Caption-style text data:

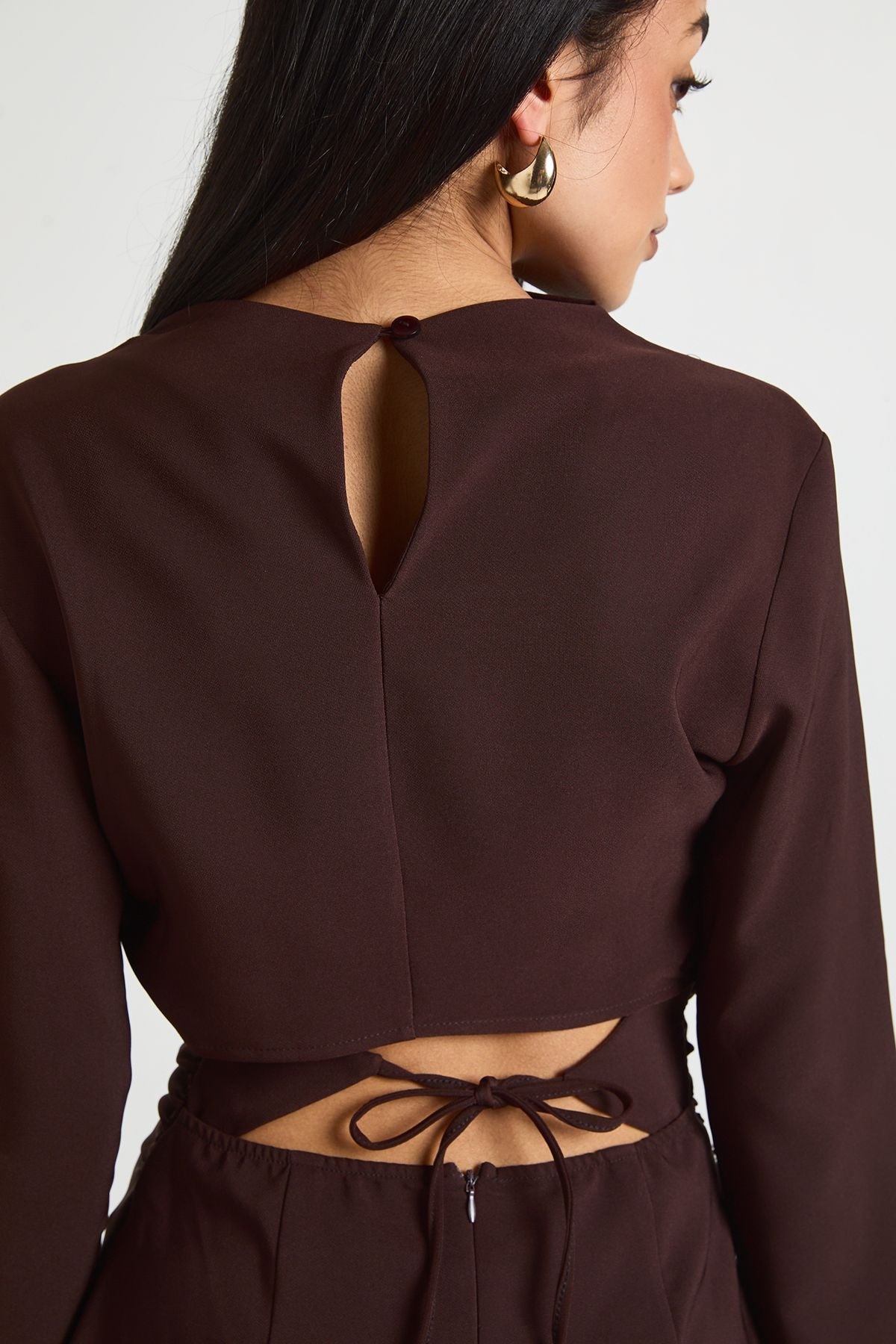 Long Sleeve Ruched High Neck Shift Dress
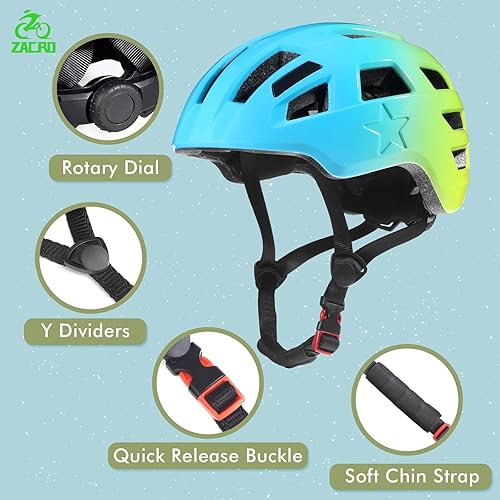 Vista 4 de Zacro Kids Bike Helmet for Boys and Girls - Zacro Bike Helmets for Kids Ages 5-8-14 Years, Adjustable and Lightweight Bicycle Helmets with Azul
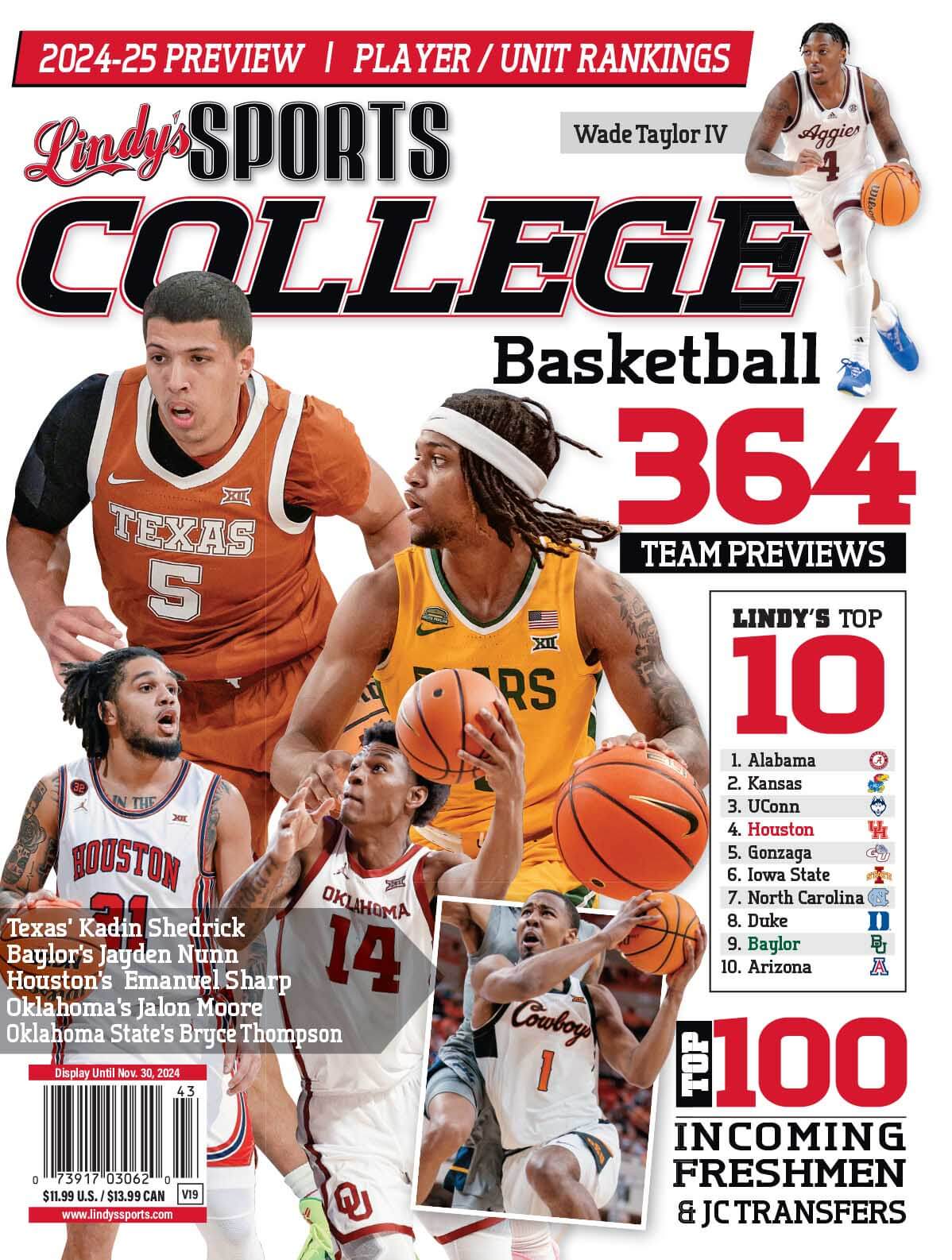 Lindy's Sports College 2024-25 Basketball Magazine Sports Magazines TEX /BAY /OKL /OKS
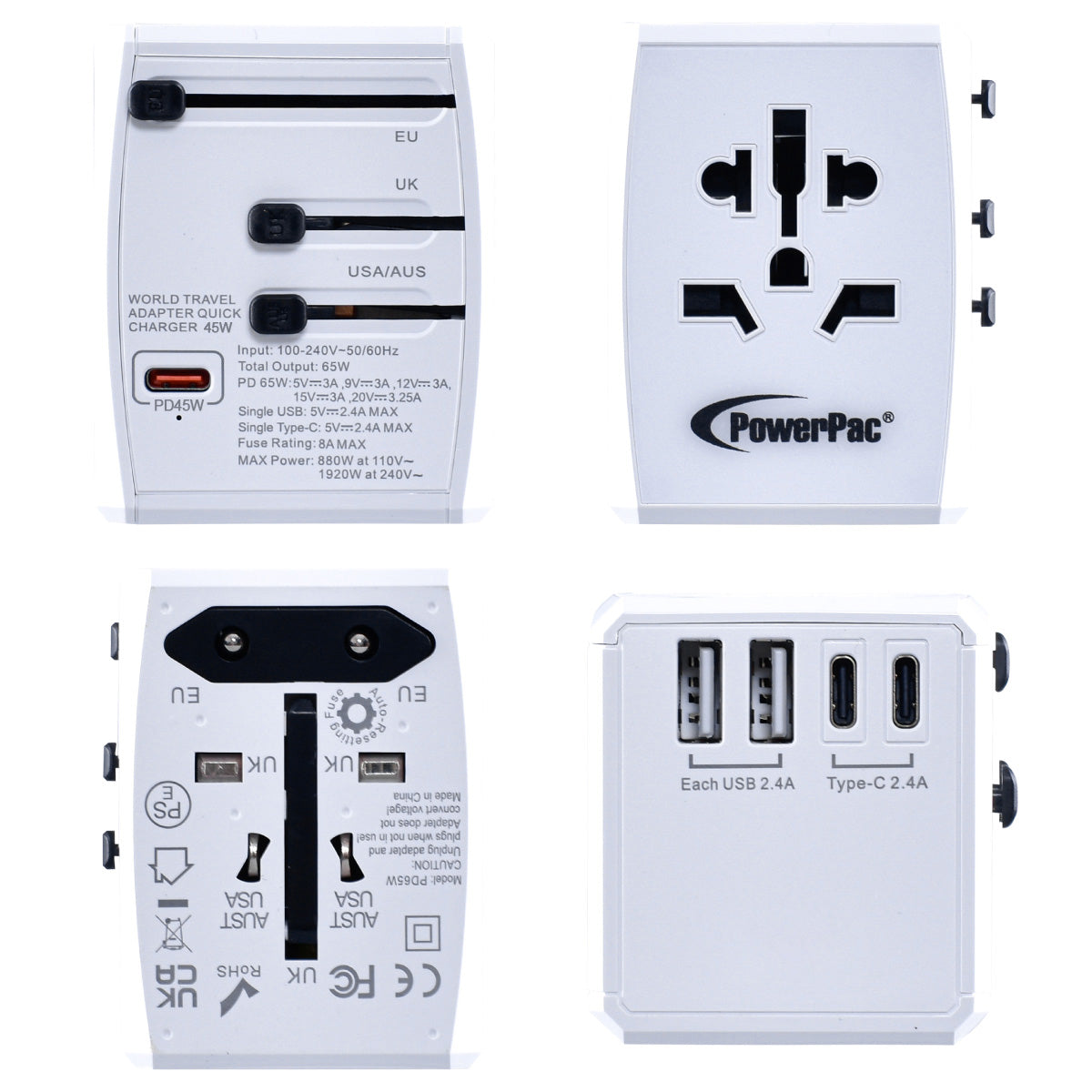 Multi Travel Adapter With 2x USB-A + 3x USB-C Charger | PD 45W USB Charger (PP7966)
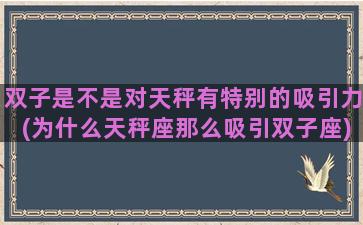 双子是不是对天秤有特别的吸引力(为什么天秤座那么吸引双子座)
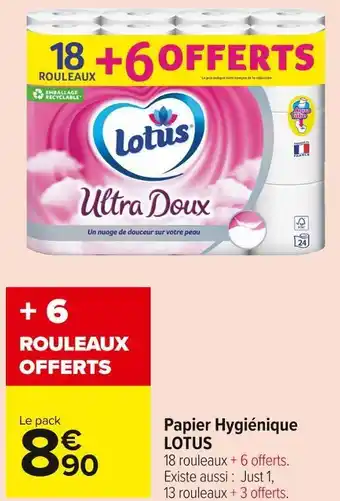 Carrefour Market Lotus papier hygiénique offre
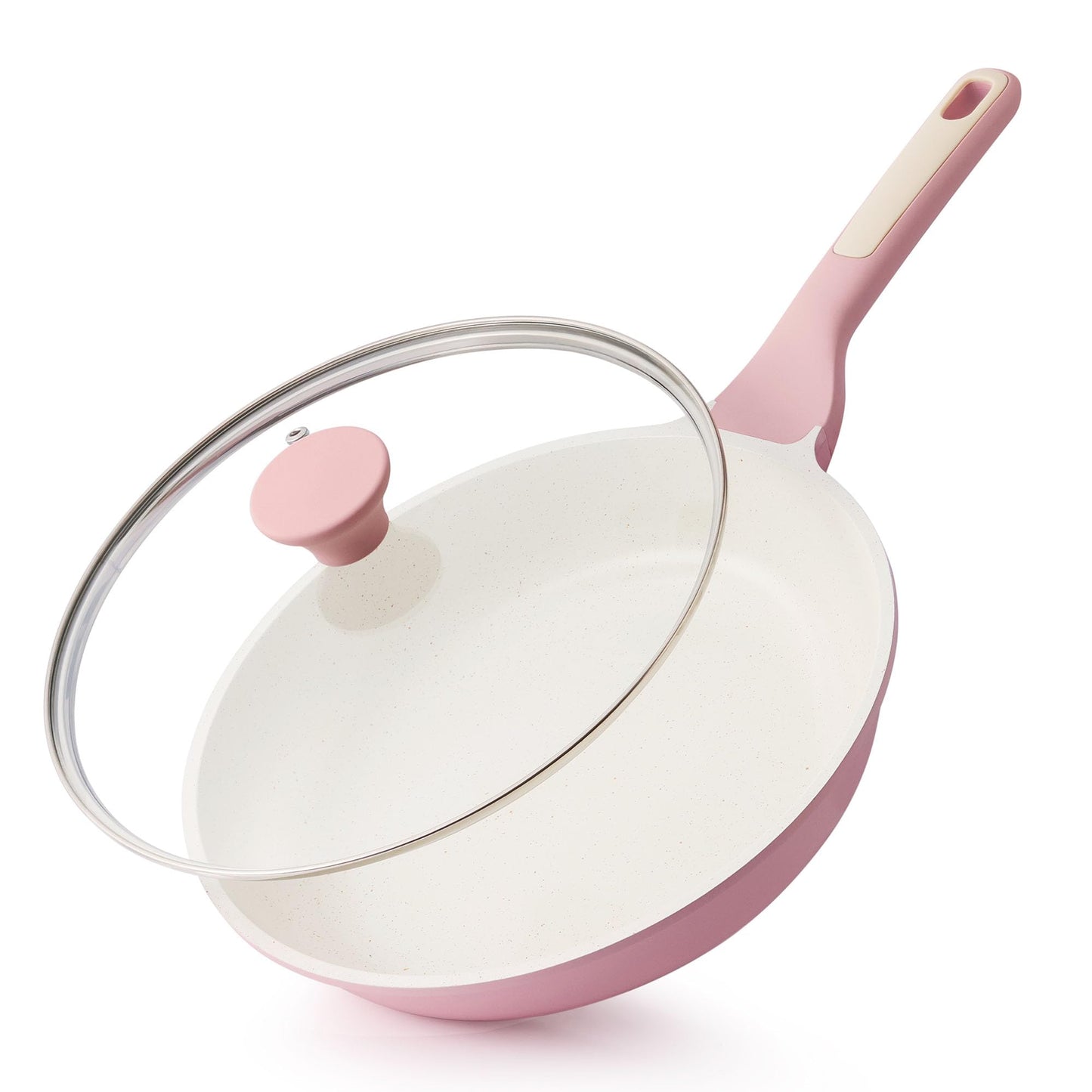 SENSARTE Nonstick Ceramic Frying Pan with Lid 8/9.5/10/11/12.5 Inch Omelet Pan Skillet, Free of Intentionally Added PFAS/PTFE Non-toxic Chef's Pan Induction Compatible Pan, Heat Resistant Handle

▸ YOUR TASK
From the line containing "Multi Travel Adapter" to the last line of the records above, return each line exactly, both ends included, and nothing more. Leave out the pictures.

▸ SOLUTION BELOW
 Multi Travel Adapter With 2x USB-A + 3x USB-C Charger | PD 45W USB Charger (PP7966)
 双子是不是对天秤有特别的吸引力(为什么天秤座那么吸引双子座)
 Carrefour Market Lotus papier hygiénique offre
 SENSARTE Nonstick Ceramic Frying Pan with Lid 8/9.5/10/11/12.5 Inch Omelet Pan Skillet, Free of Intentionally Added PFAS/PTFE Non-toxic Chef's Pan Induction Compatible Pan, Heat Resistant Handle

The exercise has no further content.